* _Problem details_:
An exact transcription of every record is needed, leaving out the pictures.

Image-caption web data
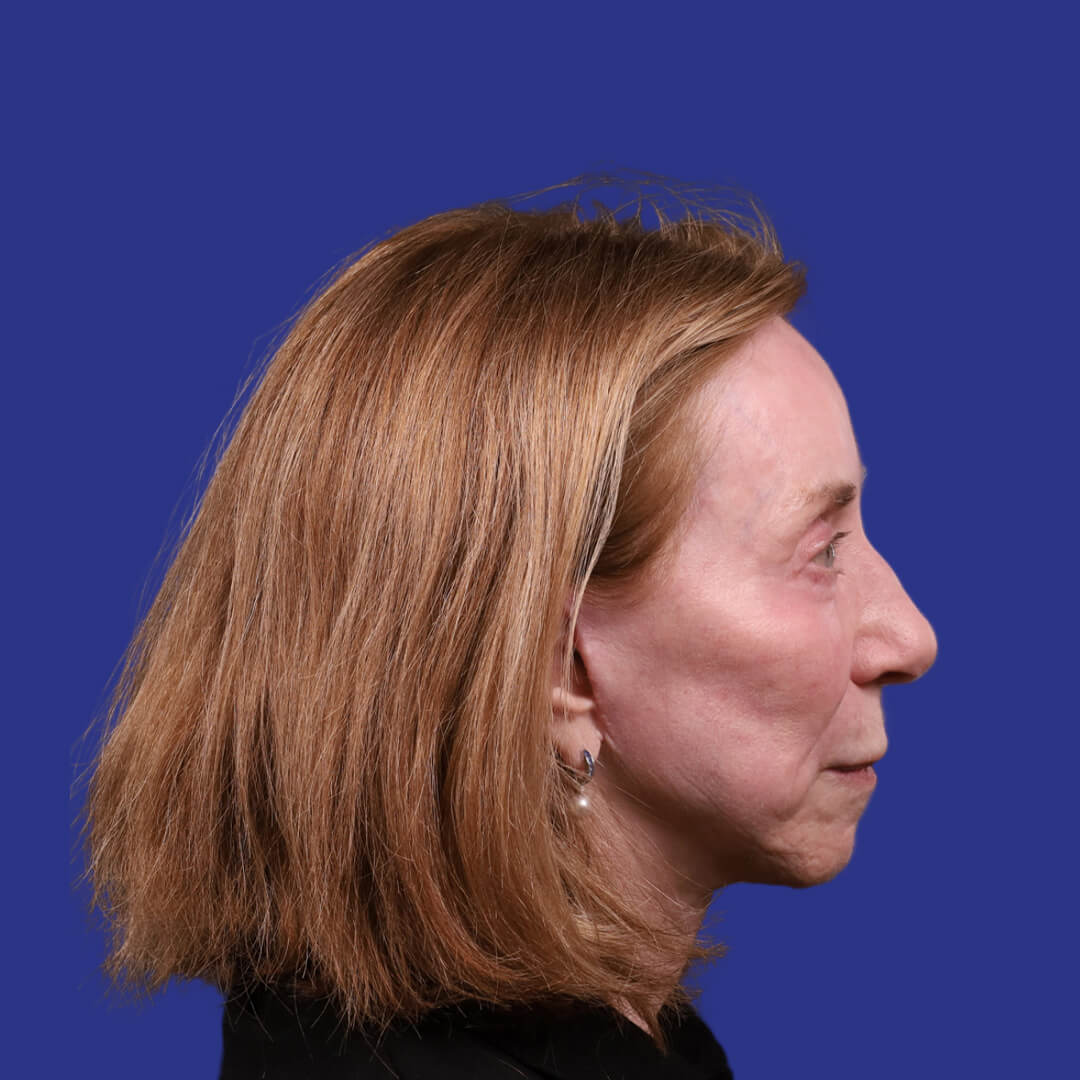 Procedure before and after - after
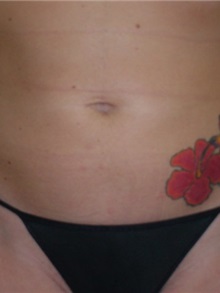 Liposuction After Photo by Thomas McNemar, MD; Tracy, CA - Case 7813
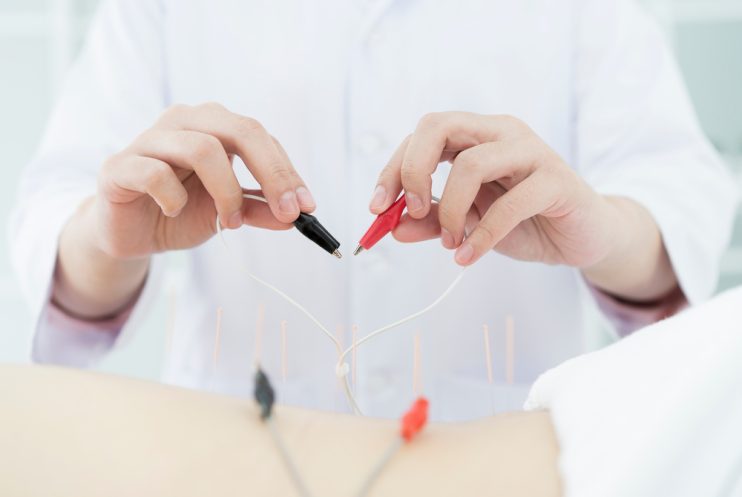 Hands,Doctor,With,Electro-acupuncture,Therapy,Holding,Heart,,Acupuncture,Can,Be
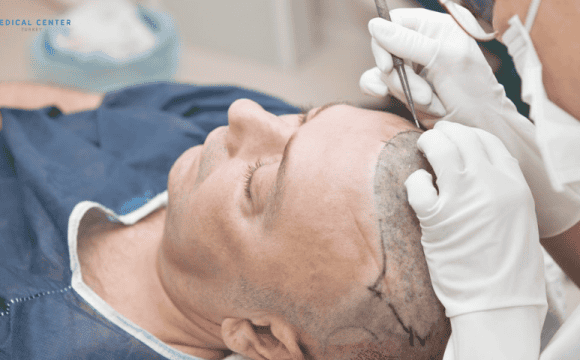 Top Reasons to Choose Turkey for Your Hair Transplant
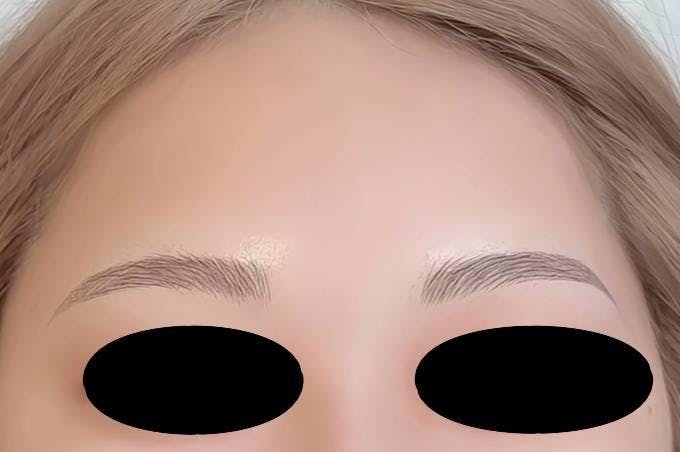 銀座よしえクリニック銀座院でアートメイク（眉）：3D眉を受けたえいちゃんさんの写真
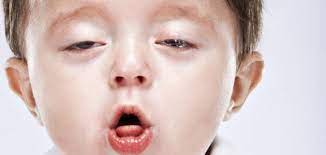 السعال الديكي يهاجم الصغار والكبار أيضا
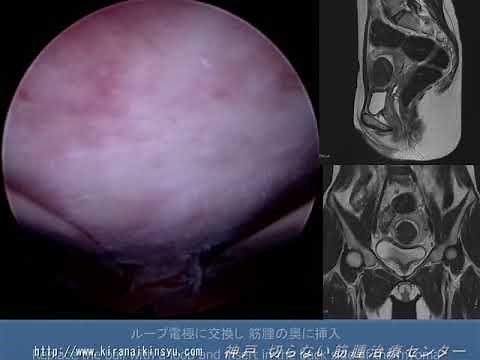 子宮底部筋腫子宮鏡下摘出術(TCR) Roller ball hysteroscopic technique for fundal submucous myoma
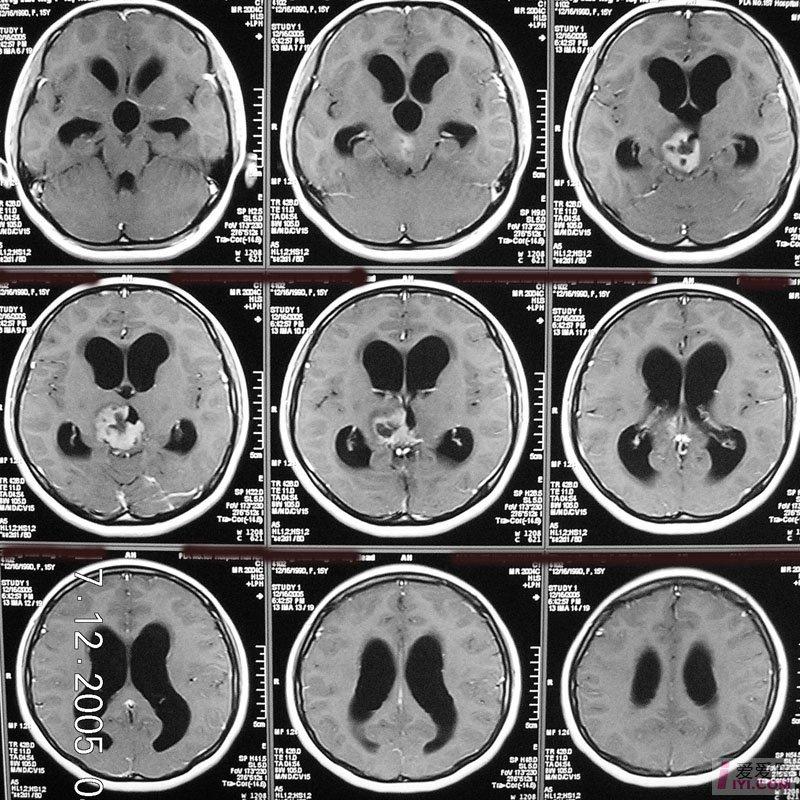 脑瘤片子图片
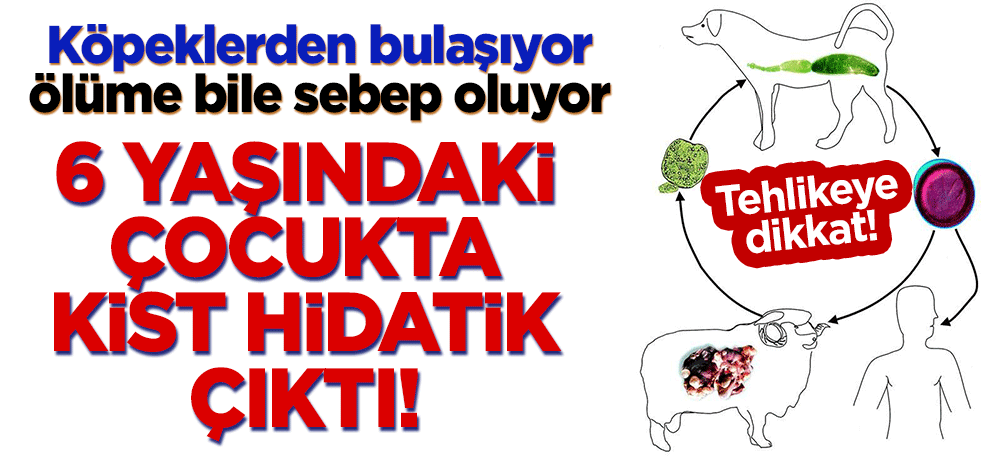 6 yaşındaki çocukta kist hidatik çıktı! Köpeklerden bulaşıyor, ölüme bile sebep oluyor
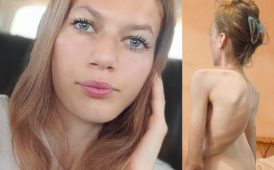 Umanitar: La 16 ani, Denisa are nevoie de ajutor pentru operația care îi poate reda șansa la o viață normală 3 denisa umanitar 1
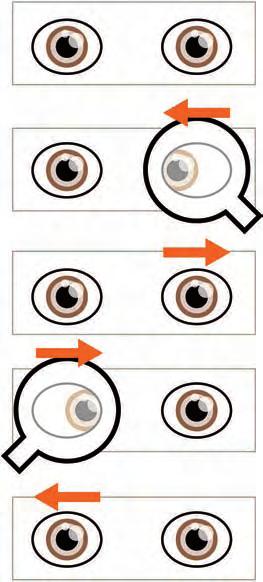 En caso de una tropía (desviación ocular manifiesta que no puede ser controlada), el reflejo estará desplazado en el ojo desviado (figura 1).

* _Answer area_:
 Procedure before and after - after
 Liposuction After Photo by Thomas McNemar, MD; Tracy, CA - Case 7813
 Hands,Doctor,With,Electro-acupuncture,Therapy,Holding,Heart,,Acupuncture,Can,Be
 Top Reasons to Choose Turkey for Your Hair Transplant
 銀座よしえクリニック銀座院でアートメイク（眉）：3D眉を受けたえいちゃんさんの写真
 السعال الديكي يهاجم الصغار والكبار أيضا
 子宮底部筋腫子宮鏡下摘出術(TCR) Roller ball hysteroscopic technique for fundal submucous myoma
 脑瘤片子图片
 6 yaşındaki çocukta kist hidatik çıktı! Köpeklerden bulaşıyor, ölüme bile sebep oluyor
 Umanitar: La 16 ani, Denisa are nevoie de ajutor pentru operația care îi poate reda șansa la o viață normală 3 denisa umanitar 1
 En caso de una tropía (desviación ocular manifiesta que no puede ser controlada), el reflejo estará desplazado en el ojo desviado (figura 1).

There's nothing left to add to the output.